Und keiner sagt zu Thomas: „Du darfst nicht zweifeln!“ Dann aber verändert sich die Szene. Thomas ist – Tage später – mit im Jüngerkreis, der auferstandene Christus erscheint, spricht ihnen seinen Frieden zu, wendet sich direkt an Thomas und gibt ihm eine Sondererlaubnis: ‘Du glaubst nur, was du siehst? Warum willst du nur sehen? Du darfst hautnah spüren, dass ich es bin.’ Nie hat sich Thomas seinem Herrn wohl so nahe gefühlt. Er begreift, im gequälten Jesus und auferstandenen Christus offenbart sich die Liebe Gottes selbst. Glaube und Zweifel sind nicht weit voneinander entfernt. Niemand sollte sich aus der Gemeinde ausgeschlossen fühlen, weil er von Zweifel geplagt ist.

Thomas bekommt die absolute Lizenz zum Zweifeln und ist der erste Mensch der Bibel, der Jesus Christus als Gott anbetet: „Mein Herr und mein Gott!“ Jesus ist bei ihm, anders als vorher, und dennoch real. Sein Leben ‘nach dem Fleisch’ ist, wie Paulus sagt, beendet. Er lebt jetzt auf andere Weise als vorher. Er lebt bei seinem Vater im Himmel. Und auf der Erde, im irdischen Dasein, müssen die Jünger weiterleben, ohne dass er leiblich bei ihnen ist, und Jesus versteht, es ist nicht leicht, an etwas zu glauben, was man nicht sehen kann: „Weil du mich gesehen hast, Thomas, darum glaubst du. Selig sind, die nicht sehen und doch glauben!“ Das Entscheidende an dieser Geschichte: Der Evangelist Johannes erzählt nicht etwas, das einmal passiert und lange vergangen ist. Er ist überzeugt, wie Jesus damals seinen Jüngern begegnete, tritt er jederzeit allen gegenüber, die für ihn offen sind: Er tröstet in Trauer, gibt in Angst neuen Mut, vergibt Schuld, gibt in Ratlosigkeit Orientierung.

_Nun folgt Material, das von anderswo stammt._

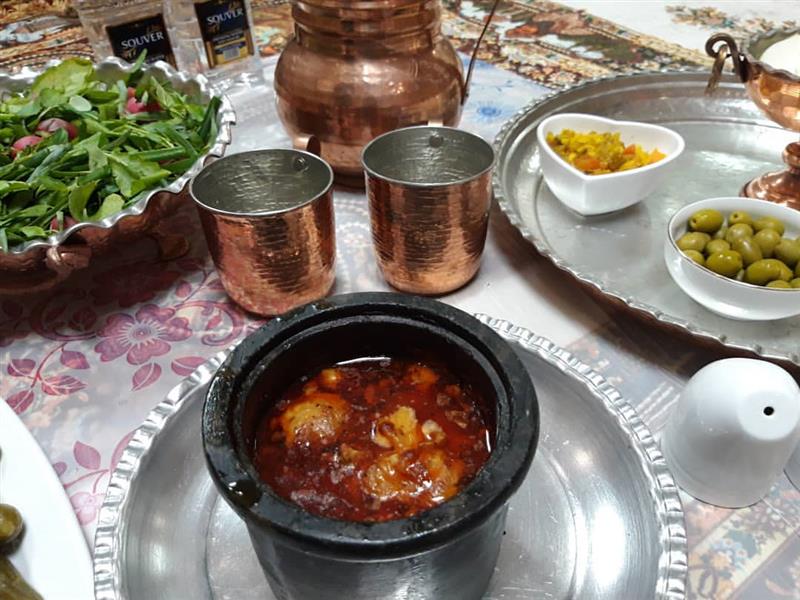 غذاهای سنتی مشهد  (2)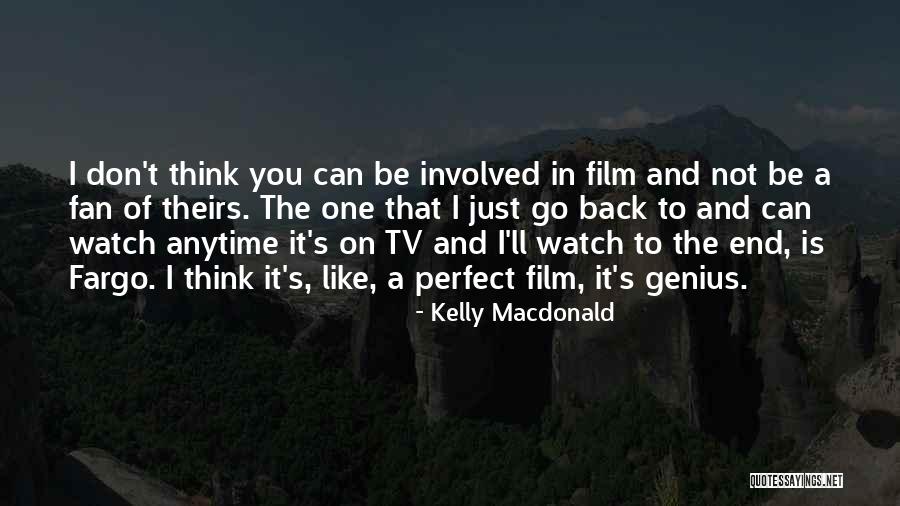 Kelly Macdonald Quotes 501977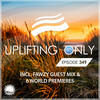 Uplifting Only (UpOnly 349) (Greetings from DreamLife & World Premiere) - Ori Uplift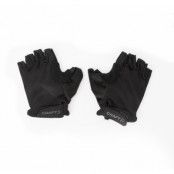 Bike Glove Jr, Black, 122/128,  Craft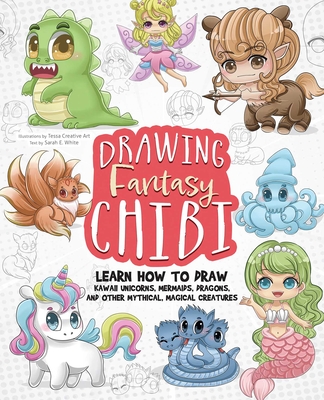 How to Draw Cute Things for Kids Ages 4-8: Learn to Draw 100 Adorable Cute  Kawaii Style Animals, People, Everyday Stuff and More Step-by-Step For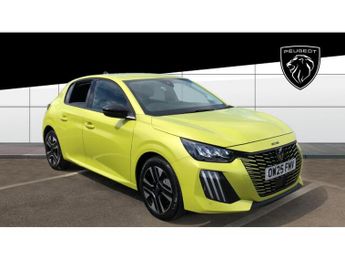 Peugeot 208 1.2 PureTech 100 Allure 5dr Petrol Hatchback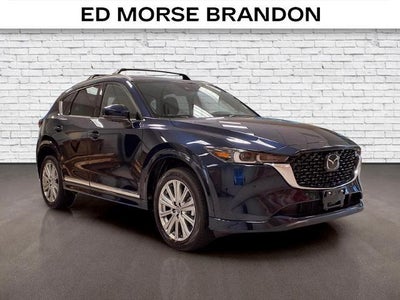 2023 Mazda Mazda CX-5 2.5 Turbo Signature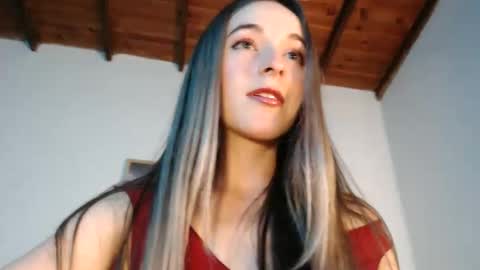 Becca Johnsoon online show from 09.09.25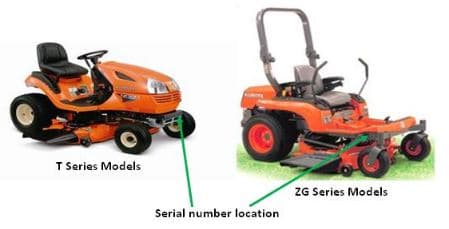 Kubota Riding Mowers - Image 2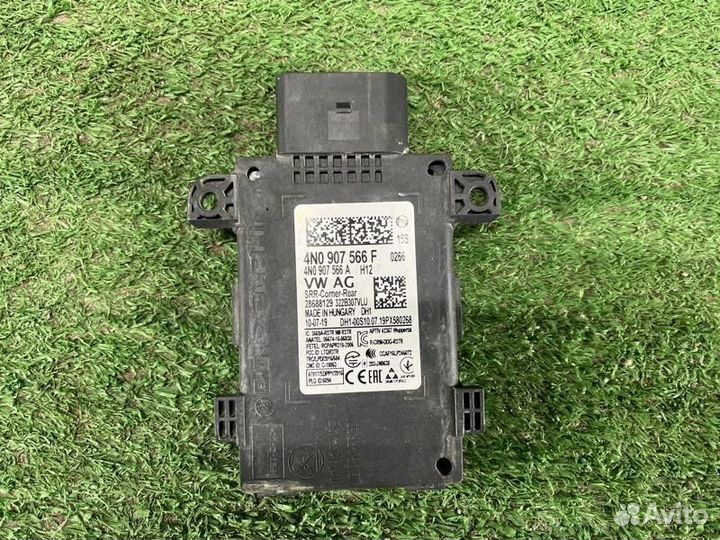 Радар парковочный/парктроник Audi A8/S8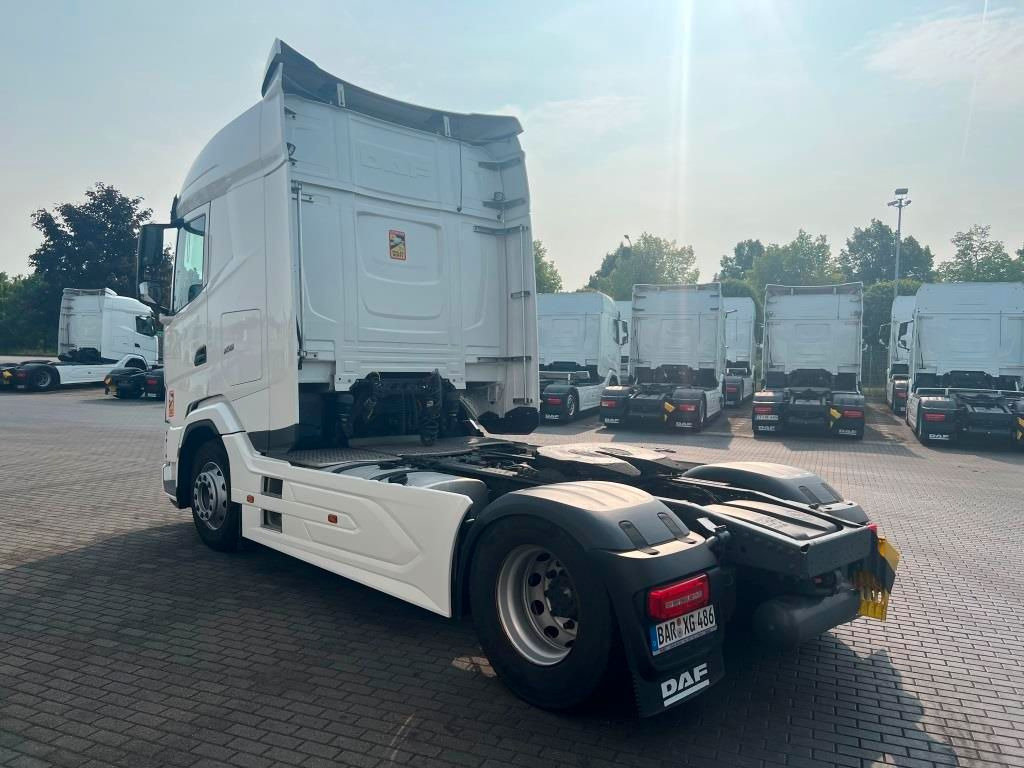 DAF XG 480 FT TraXon ZF-Intarder 2x Tank 1.195 Liter - Tractor unit: picture 3 DAF XG 480 FT TraXon ZF-Intarder 2x Tank 1.195 Liter - Tractor unit: picture 3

Darüber hinaus mutet der auferstandene Jesus Christus seinen Jüngern aber noch etwas anderes zu: Er sendet sie. Er kann nicht mehr körperlich zu den Menschen gehen. Darum erwartet er von den Seinen, dass sie das an seiner Stelle tun. Und diese Zumutung erreicht alle, die auf Jesus Christus vertrauen. Uns überträgt er diesen großen Auftrag: „Wie mich der Vater gesandt hat, so sende ich euch!“ Und damit dieser Auftrag möglich wird, gibt er die nötige Ausrüstung dazu: Er schenkt  seinen Heiligen Geist.
Wer in der Kirche Verantwortung trägt, Verantwortung übertragen bekommt, sich um Verantwortung bewirbt, sich Verantwortung nimmt, braucht Heiligen Geist! Alle anderen Gaben sind gut und nützlich, aber ohne den Geist, den wir vom auferstandenen Jesus Christus erhalten und der uns mit ihm verbindet, geht es nicht. Nur in diesem Geist, dem Geist der Vergebung von Schuld und Sünde, dem Geist der Weisheit und Barmherzigkeit, dem Geist der Liebe und Wahrheit, kann eine Kirche, kann eine Gemeinde, recht geleitet werden.